From this it was a “short hop to arguing that we are not dealing with terms of comparison at all, but different functions that one would expect to find in any complex social order. This was the move taken by the ‘Continuationists’ . . . who argue that, just as any complex society will still have families (‘kinship’), they will also tend to have some sort of government, which means taxes (‘tribute’) and some sort of market system (‘capitalism’). Having done this, it’s easy enough to argue that the very project of comparison is pointless. In fact, there is only one world system.”

Graeber wants to rehabilitate and transform previous notions of “modes of production” and, necessarily, typical notions of “materialism.”

His first thesis, thus, is: “The key mistake of the mode of production model was to define ‘production’ simply as the production of material objects; any adequate theory of ‘production’ would have to give at least equal place to the production of people and social relations.” Theories of modes of production are weak because “they begin from a very naive sort of materialism. ‘Material production’ is assumed to be the production of valuable material objects like food, clothing or gold bullion; all the important business of life is assumed to be moving such objects around and transferring them from one person or class to another.” What is missing in this sort of analysis is the formation of social relations that always accompanies production of things. In addition to goods, mode of production analysis should be “examining relations of service, domestic arrangements, educational practices” just as much as “wheat harvests and the flow of trade.”

Production of people, he argues, is what we ultimately care about. The production of more wealth “has no meaning except as a medium for the growth and self-realization of human beings.” He expands the point this way: “when value is about the production of people, it is always entirely implicated in processes of transformation: families are created, grow and break apart; people are born, mature, reproduce, grow old and die. They are constantly being socialized, trained, educated, mentored towards new roles – a process which is not limited to childhood but lasts until death; they are constantly being attended to and cared for. This is what human life is mainly about; what most people have always spent most of their time worrying about; what our passions, obsessions, loves and intrigues tend to center on; what great novelists and playwrights become famous for describing; what poetry and myth struggle to come to terms with; but which most economic and political theory essentially makes disappear.”

Why do these factors disappear in economic and political anlaysis? Graeber suggests that “Value tends to be realized in a more public, or anyway political, and hence universalized domain than the domestic one in which it is (largely) created; that sphere is usually treated as if it is to some degree transcendent, that is, as floating above and unaffected by the mundane details of human life (the special domain of women), having to do with timeless verities, eternal principles, absolute power – in a word, of something very like idealist abstractions.” A more genuine materialism, he argues “would not simply privilege a ‘material’ sphere over an ideal one,” as many Marxists analyses do with their talk of sub- and super-structure.
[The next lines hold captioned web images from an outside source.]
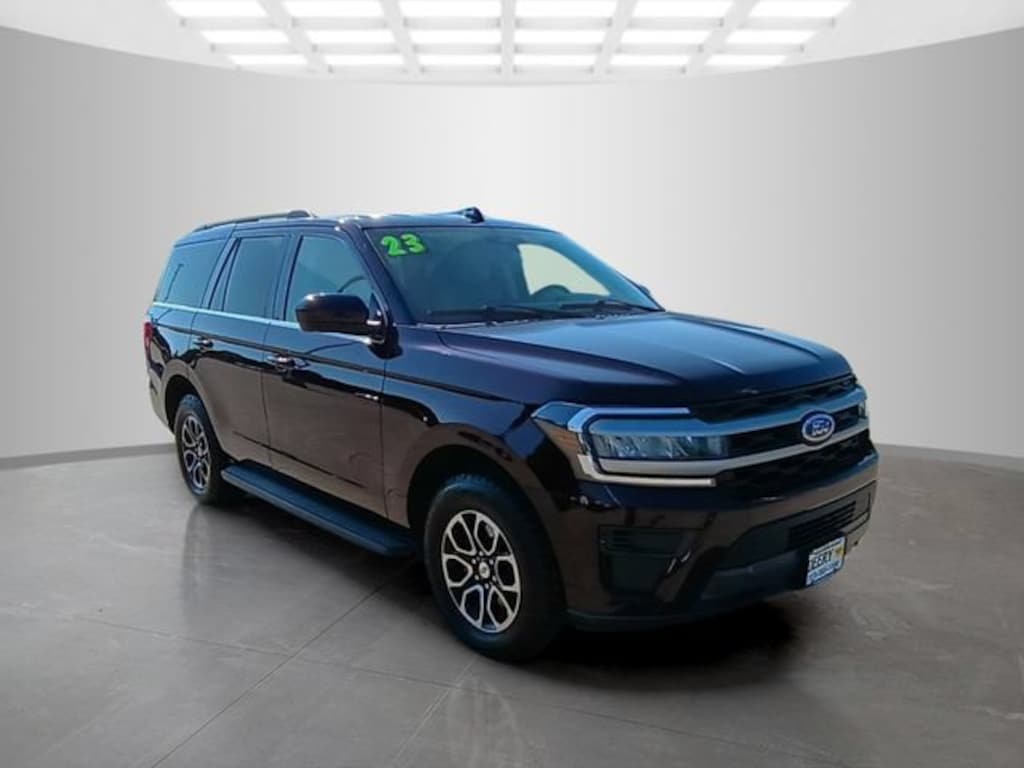 Used 2023 Ford Expedition XLT SUV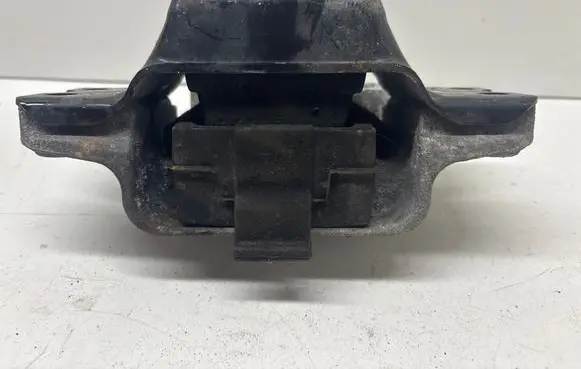 Volkswagen Golf V Engine mount bracket 173149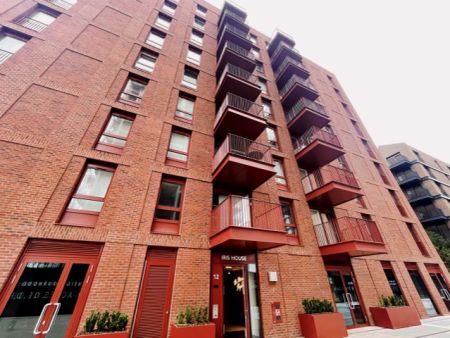 1 Bedroom 1 Bathroom Flat1003 - Photo 4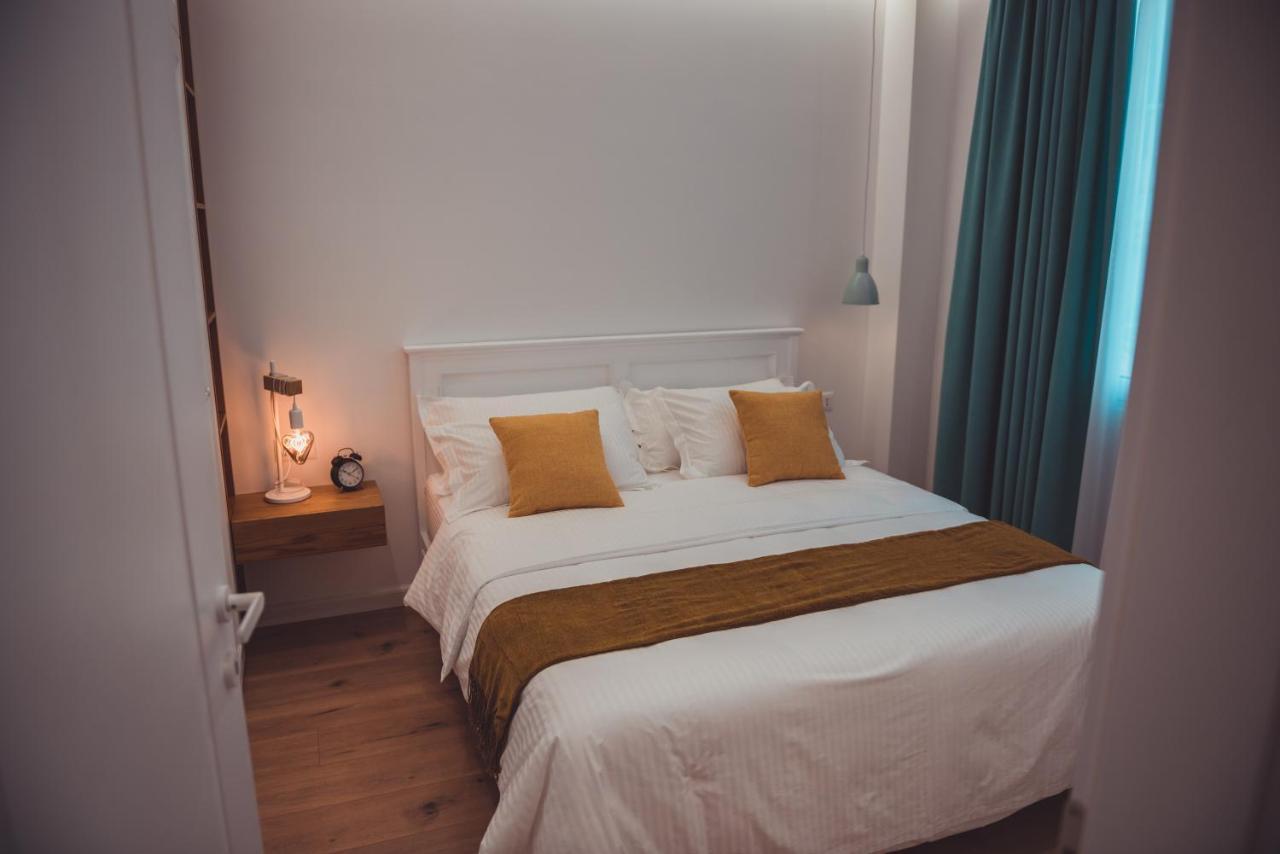 Tam Centre Luxury Serviced Apartments Tirana Esterno foto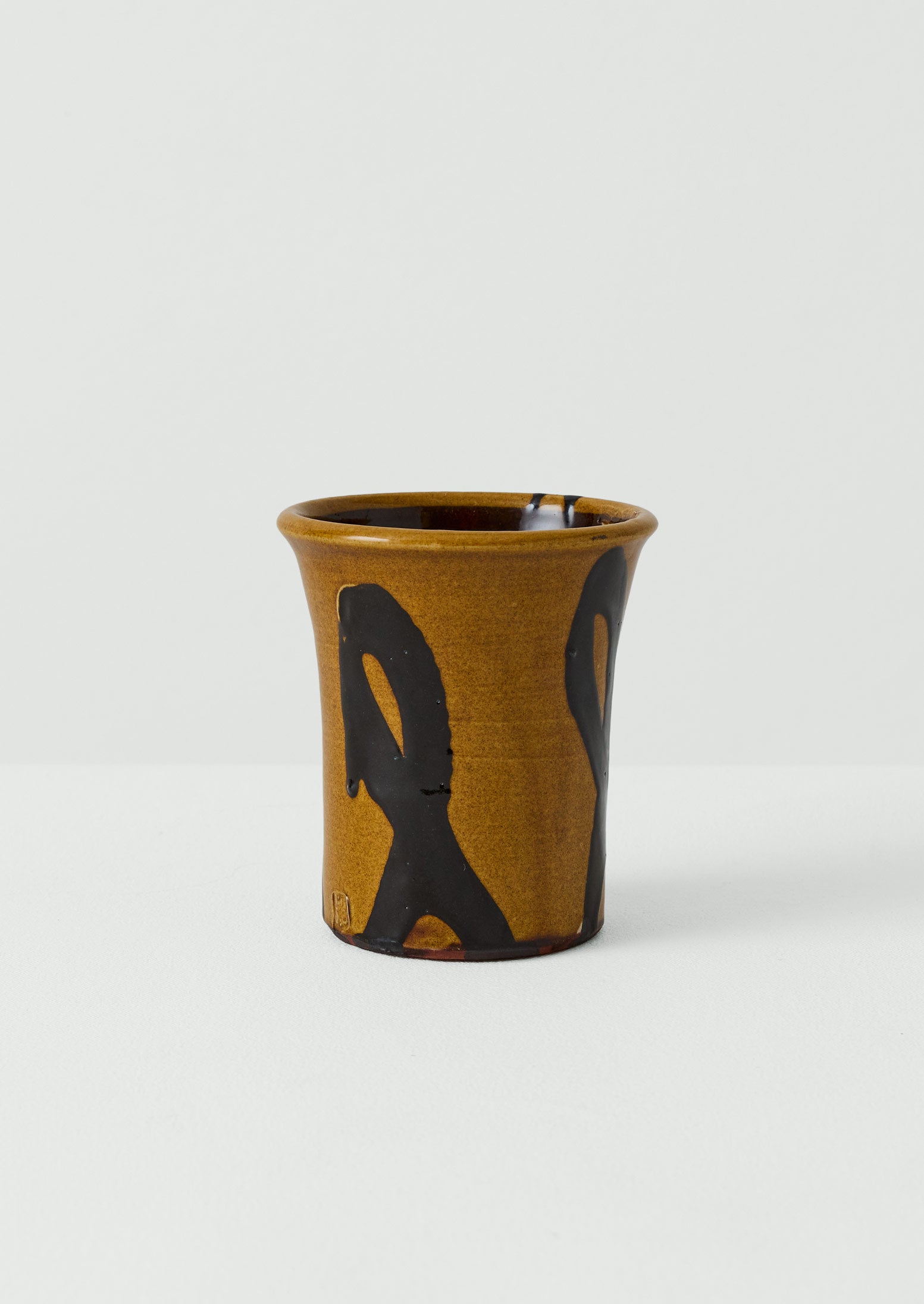 Hoxton Gardenware Small Slipware Planter | Honey | TOAST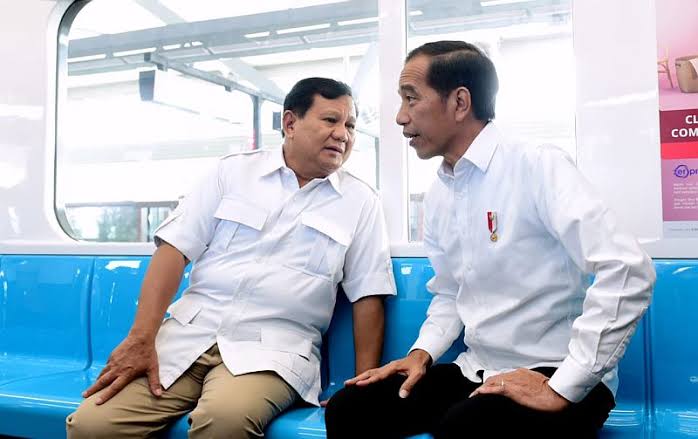 Presiden Jokowi bertemu dengan Prabowo Subianto di Stasiun MRT di Lebak Bulus, Jakarta, Sabtu (13/7) pagi. (Foto: Ist)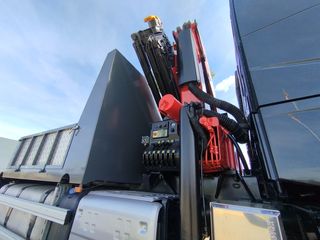 Volvo FH 500-CAMIONES PORTAMAQUINARIAS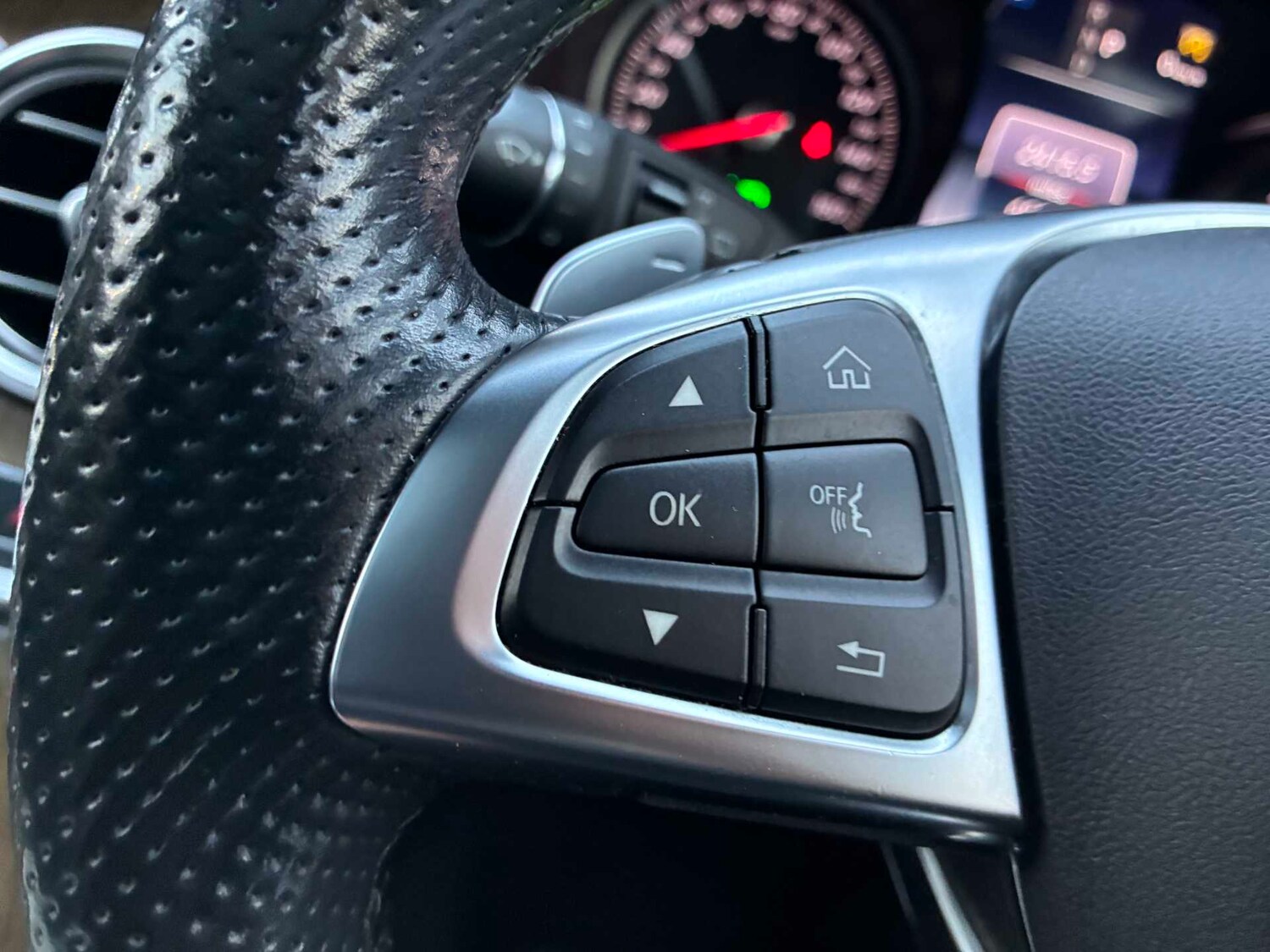 Used Mercedes-Benz GLC 2018 for sale - 78191999: Photo 24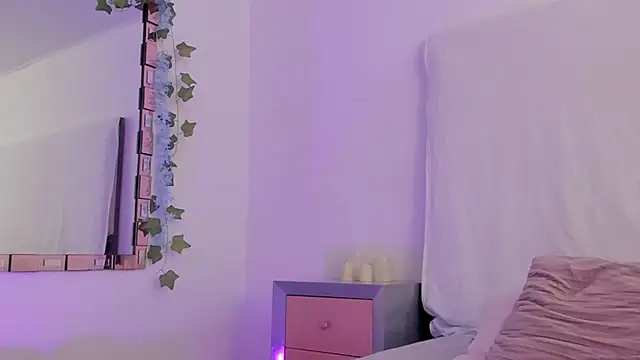 Snapshot of BonnieCute_ chatting on 03-07-25, 02:45 BonnieCute online show from 03-07-25, 02:45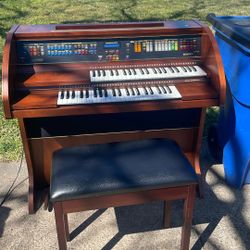 Regency Lowrey Piano 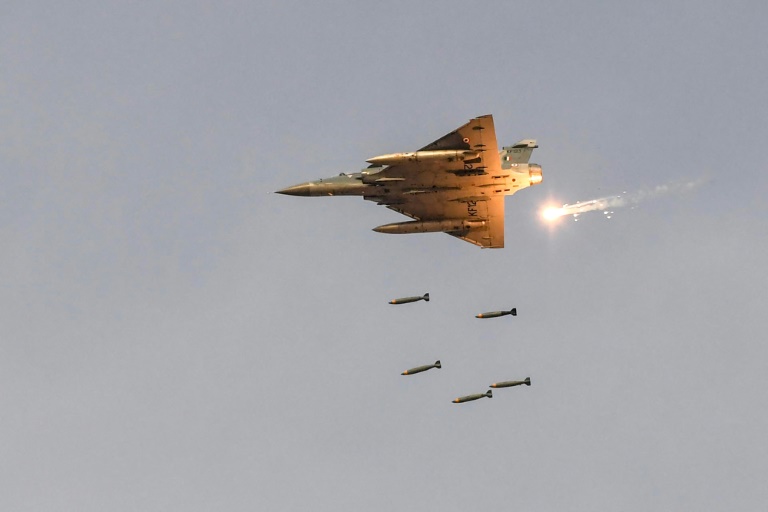 طائرة حربية هندية تطلق صواريخ على أهداف وهمية خلال مناورات في بوكهاران في ولاية راجاستان في 16 شباط/فبراير 2019.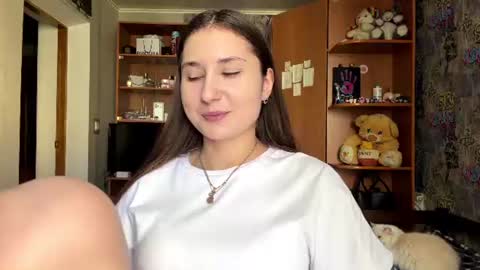Molly online show from June 2026 09:08:02 AM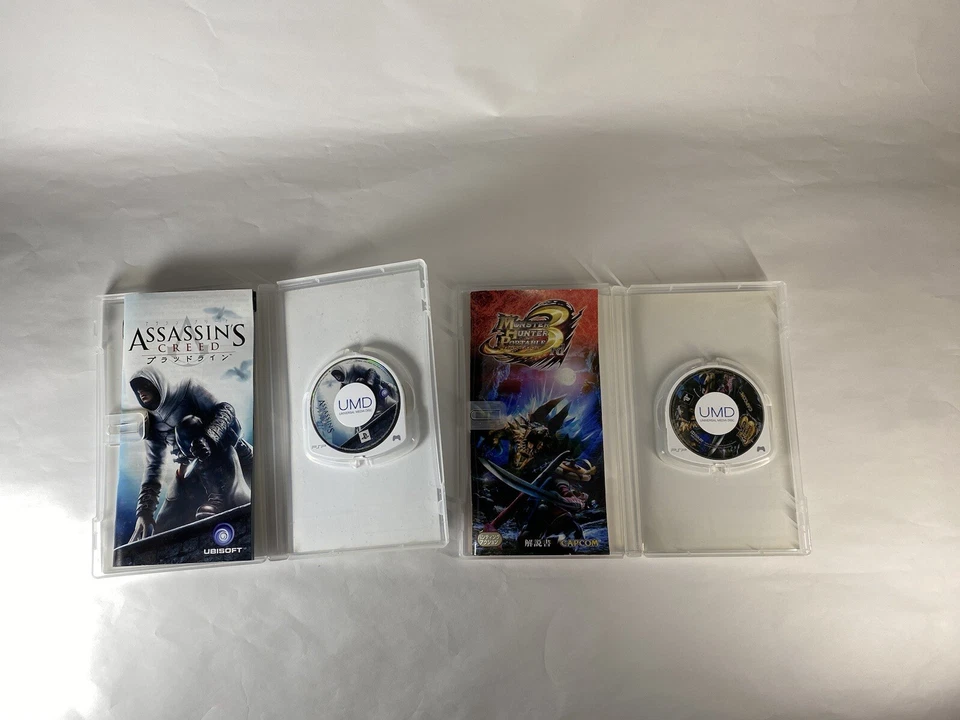 Lot2 PSP ASSASSIN'S CREED: BLOODLINES & Monster Hunter 3Rd - Japan Game. - Image 3 of 4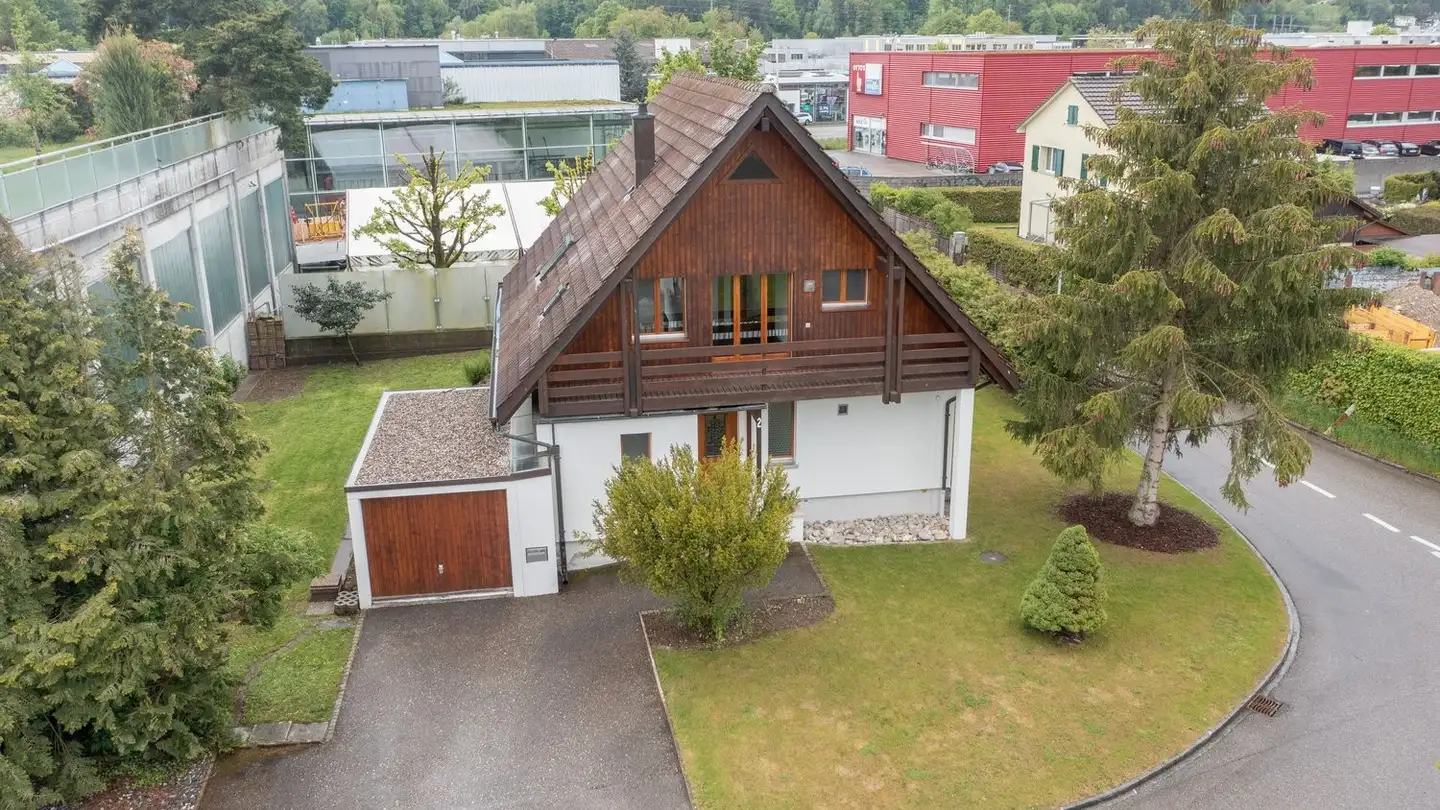 Einfamilienhaus mieten - Emmenweg 2, 4528 Zuchwil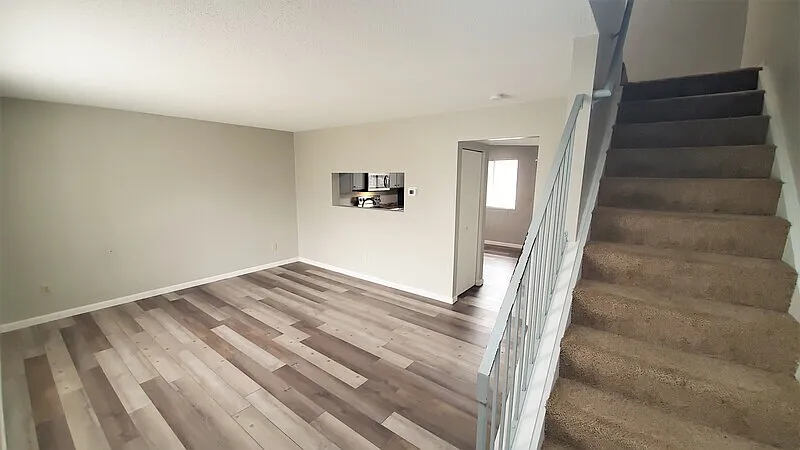3 bed, 1.5 bath, 1120 sqft, $1,400 — Photo 2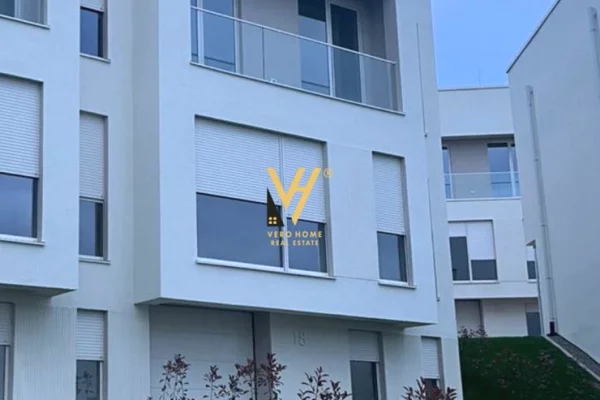 Casa in affitto 3+1 a Tirana - 1,500 Euro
Rather, a thoroughgoing materialism “would begin by acknowledging that no such ideal sphere actually exists.” Ideas and physical actions are involved not only in the production of objects and goods but in all the “superstructural” activities of art, scholarship, and intellectual life.

Graeber implies that many Marxist analysis remain too dependent on modern social structures, especially the structural separation of the domestic sphere of people-production and the economic sphere of goods-production. The idealism inherent in some versions of Marxist materialism is also dependent on social formations: “The point though is that symbolic distinctions between high and low [material and ideal] do not come from some pre-existing ‘symbolic system’; they are continually constructed in action, and the work of doing so is done disproportionately by those who are effectively defining themselves as lower.”

He describes the dehumanizing effects of this system this way: “The labor of creating and maintaining people and social relations (and people are, in large measure, simply the internalized accretion of their relations with others) ends up being relegated, at least tacitly, to the domain of nature – it becomes a matter of demographics or ‘reproduction’– and the creation of valuable physical objects becomes the be-all and end all of human existence.”